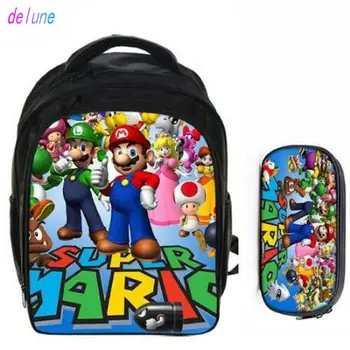 

13 Inch Super Mario Bros Sonic The Hedgehog Cartoon Kids Backpack School Bags for Boys Girls Mochila Infantil Pencil Bag Sets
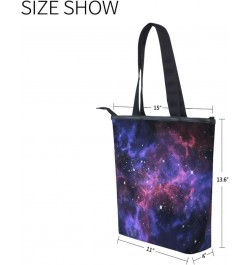 Purple Universe Starry Sky The Tote Bag for Women Big Capacity Women's Shoulder Handbags Canvas Shopping Dating Bag $10.81 Totes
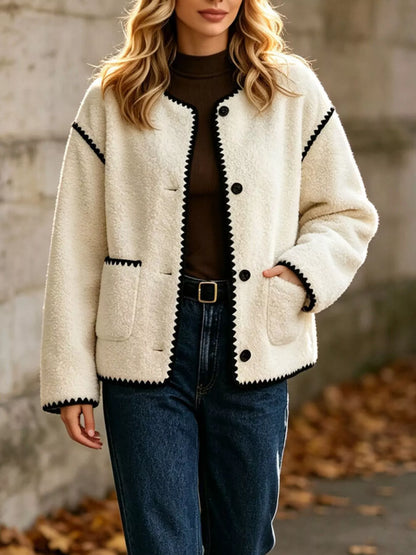 Faux Shearling Contrast Trim Button-Down Outerwear - White - View 1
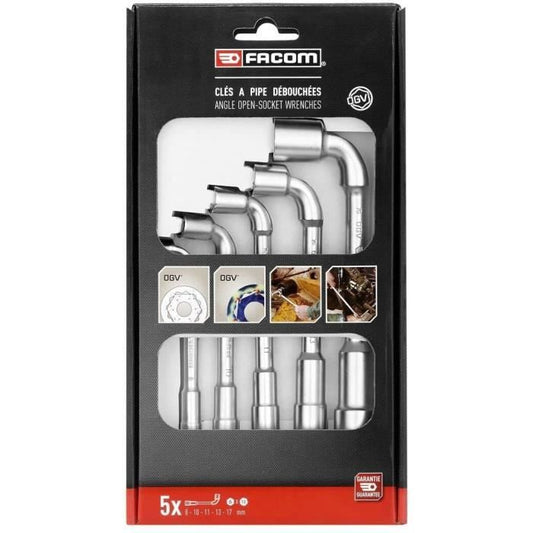Box of 5 pipes with pipes profiles 12 sides x 6 sides facom - 76.j5pb - 1 side for decreased recovery + 1 power side and resistance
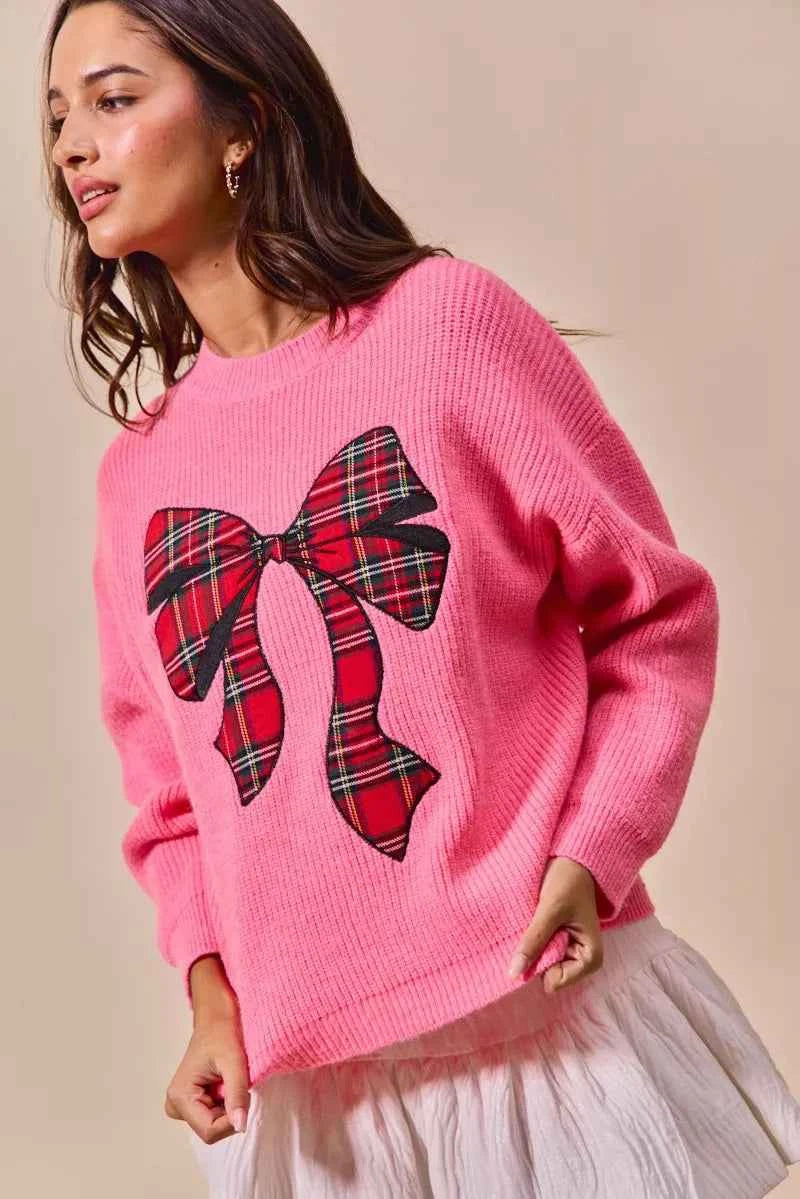 SO ME Checker Plaid Ribbon Christmas Holiday Sweater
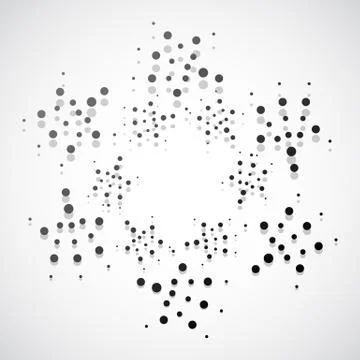 Concentric dots, circles. Dotted abstract element, abstract pattern on white. 스톡 일러스트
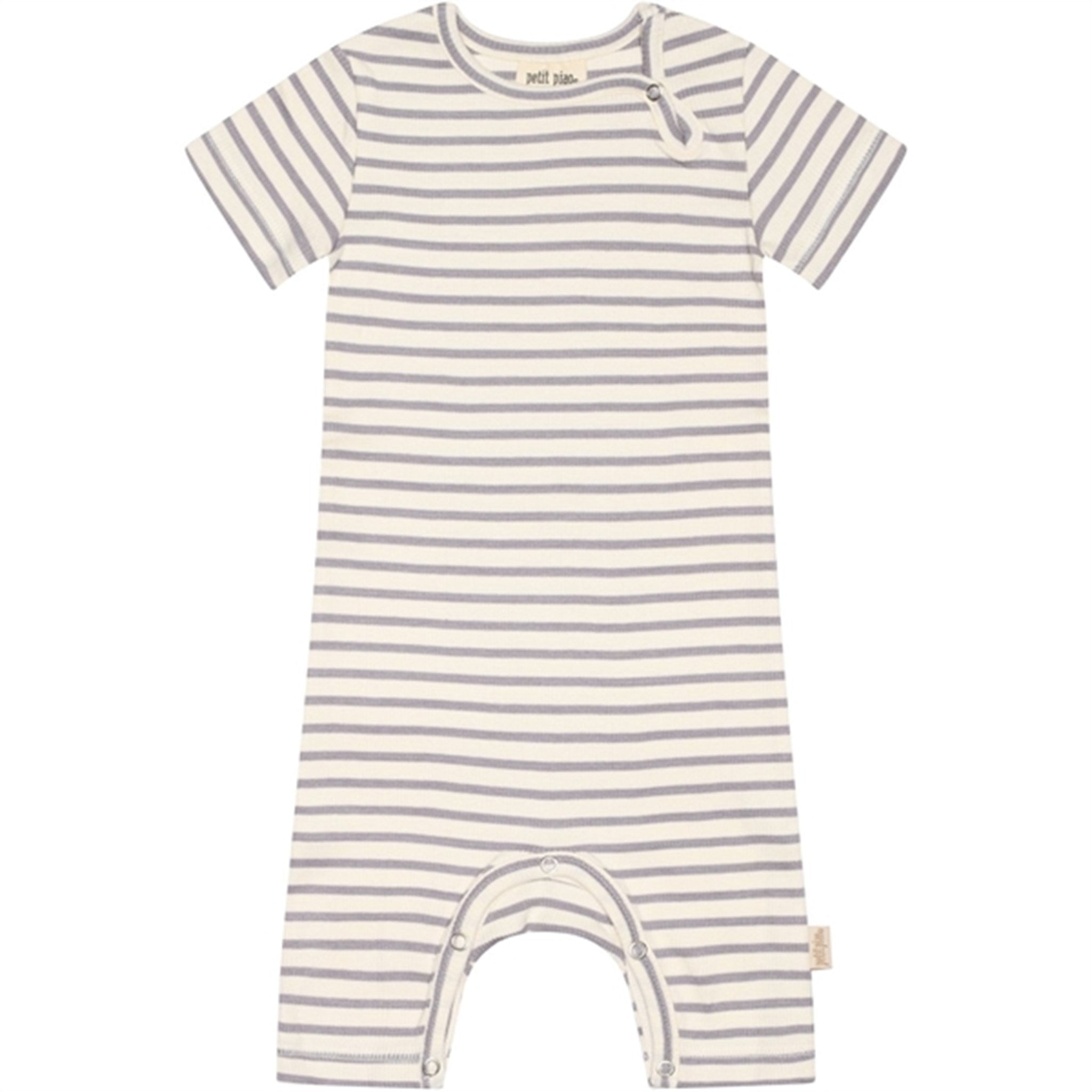 Petit Piao Dusty Lavender/Offwhite Onesies S/S Modal Striped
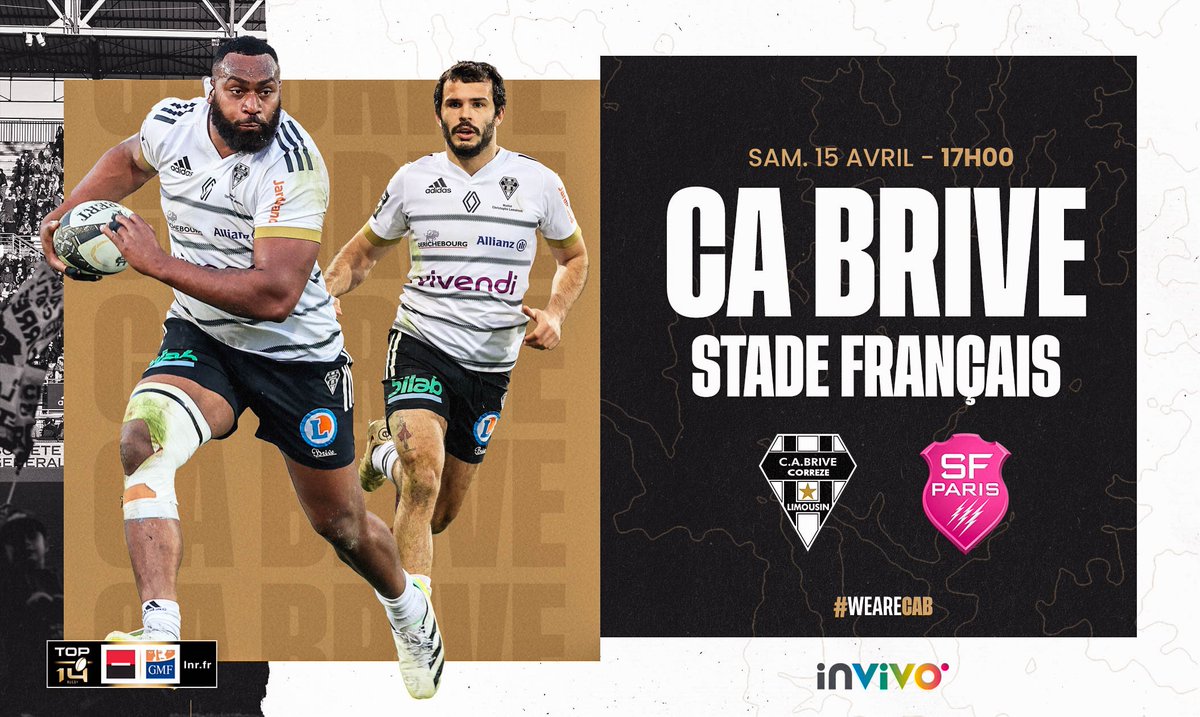 CABCLRUGBY's tweet image. 🔔 𝑪'𝒆𝒔𝒕 𝒑𝒂𝒓𝒕𝒊 𝒂𝒖 𝑺𝒕𝒂𝒅𝒊𝒖𝒎 entre le CA Brive et le Stade Français !
#WEARECAB #CABSFP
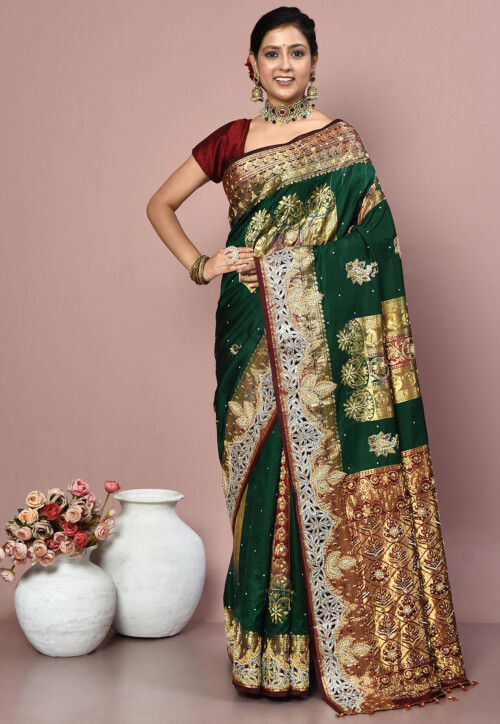 Ethnic Zari Pure Silk Kanchipuram Pure Silk Saree for Festival Wear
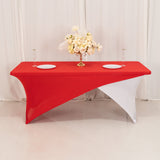 Red White Cross Over Stretch Spandex Table Cover 6ft Rectangular Fitted Tablecloth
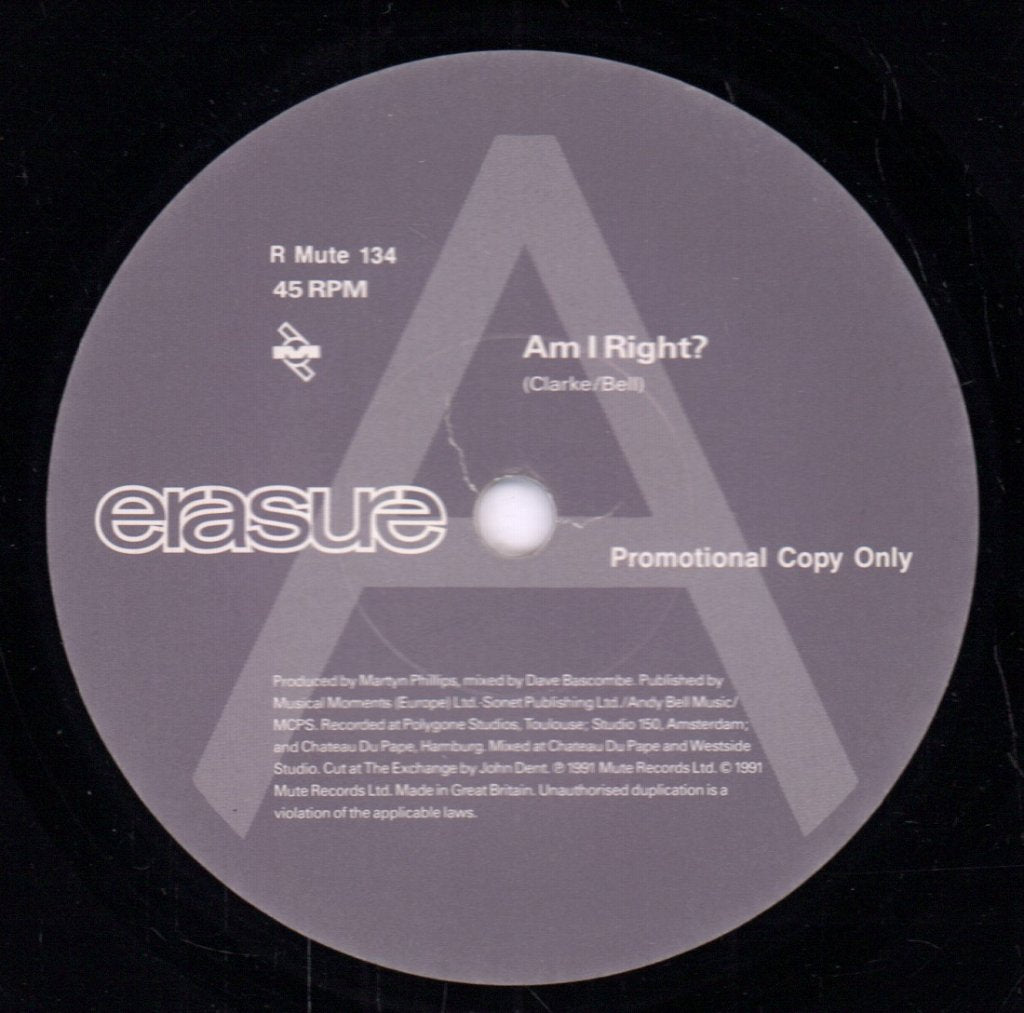 Erasure - Am I Right - 7 Inch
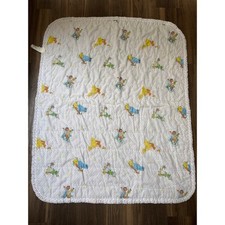 J.C. Penney Sesame Street Baby Blanket Unisex White Vintage Quilted Ruffle Trim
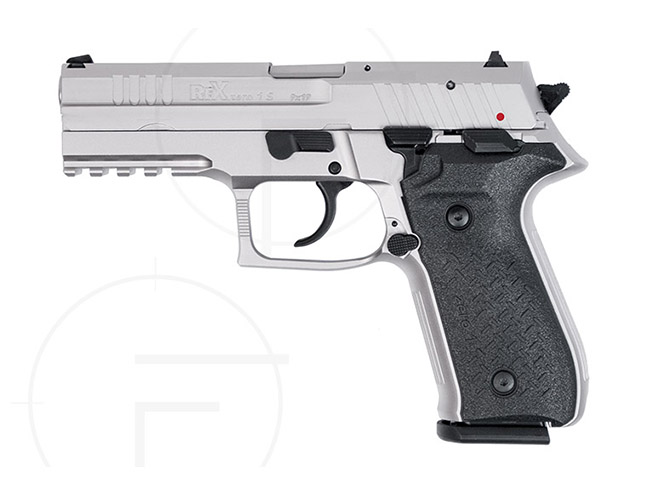 rex pistols nickel plated standard left profile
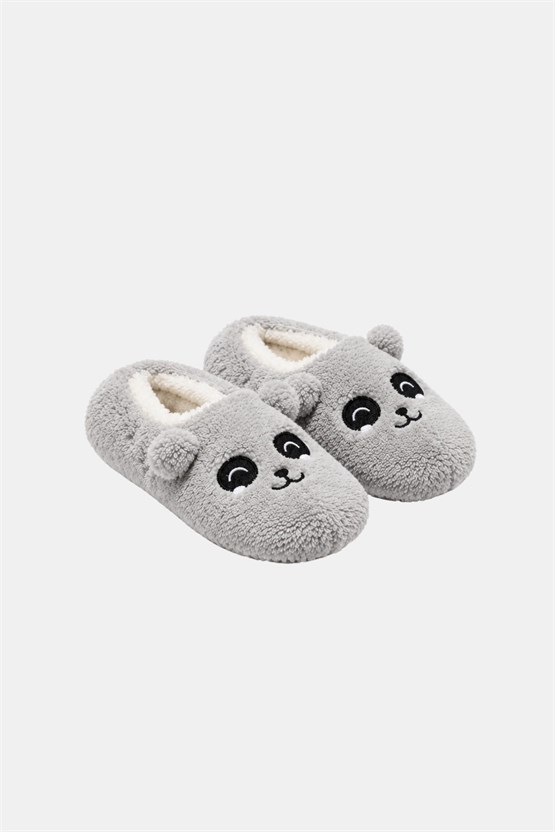 Mısırlı Panda Figürlü Panduf Açık Gri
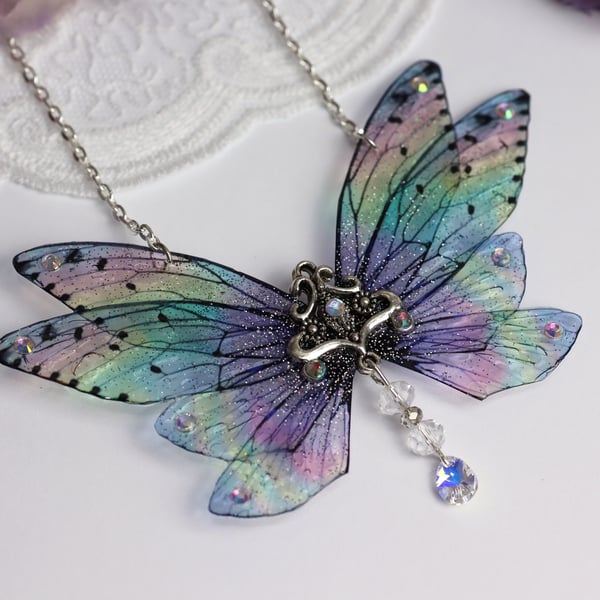 Fairy Wing Necklace Fancy Rainbow Fairycore Cottagecore Boho Fairy Gift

━━━━

▶ **EXERCISE**:
Extract the text of all the records above verbatim, excluding pictures.

▶ **ANSWER TO THE PROBLEM**:
13 Inch Super Mario Bros Sonic The Hedgehog Cartoon Kids Backpack School Bags for Boys Girls Mochila Infantil Pencil Bag Sets
 Purple Universe Starry Sky The Tote Bag for Women Big Capacity Women's Shoulder Handbags Canvas Shopping Dating Bag $10.81 Totes
 Faux Shearling Contrast Trim Button-Down Outerwear - White - View 1
Box of 5 pipes with pipes profiles 12 sides x 6 sides facom - 76.j5pb - 1 side for decreased recovery + 1 power side and resistance
 SO ME Checker Plaid Ribbon Christmas Holiday Sweater
 Concentric dots, circles. Dotted abstract element, abstract pattern on white. 스톡 일러스트
 Petit Piao Dusty Lavender/Offwhite Onesies S/S Modal Striped
 CABCLRUGBY's tweet image. 🔔 𝑪'𝒆𝒔𝒕 𝒑𝒂𝒓𝒕𝒊 𝒂𝒖 𝑺𝒕𝒂𝒅𝒊𝒖𝒎 entre le CA Brive et le Stade Français !
#WEARECAB #CABSFP
 Ethnic Zari Pure Silk Kanchipuram Pure Silk Saree for Festival Wear
 Red White Cross Over Stretch Spandex Table Cover 6ft Rectangular Fitted Tablecloth
 Erasure - Am I Right - 7 Inch
 J.C. Penney Sesame Street Baby Blanket Unisex White Vintage Quilted Ruffle Trim
 rex pistols nickel plated standard left profile
 Mısırlı Panda Figürlü Panduf Açık Gri
 Fairy Wing Necklace Fancy Rainbow Fairycore Cottagecore Boho Fairy Gift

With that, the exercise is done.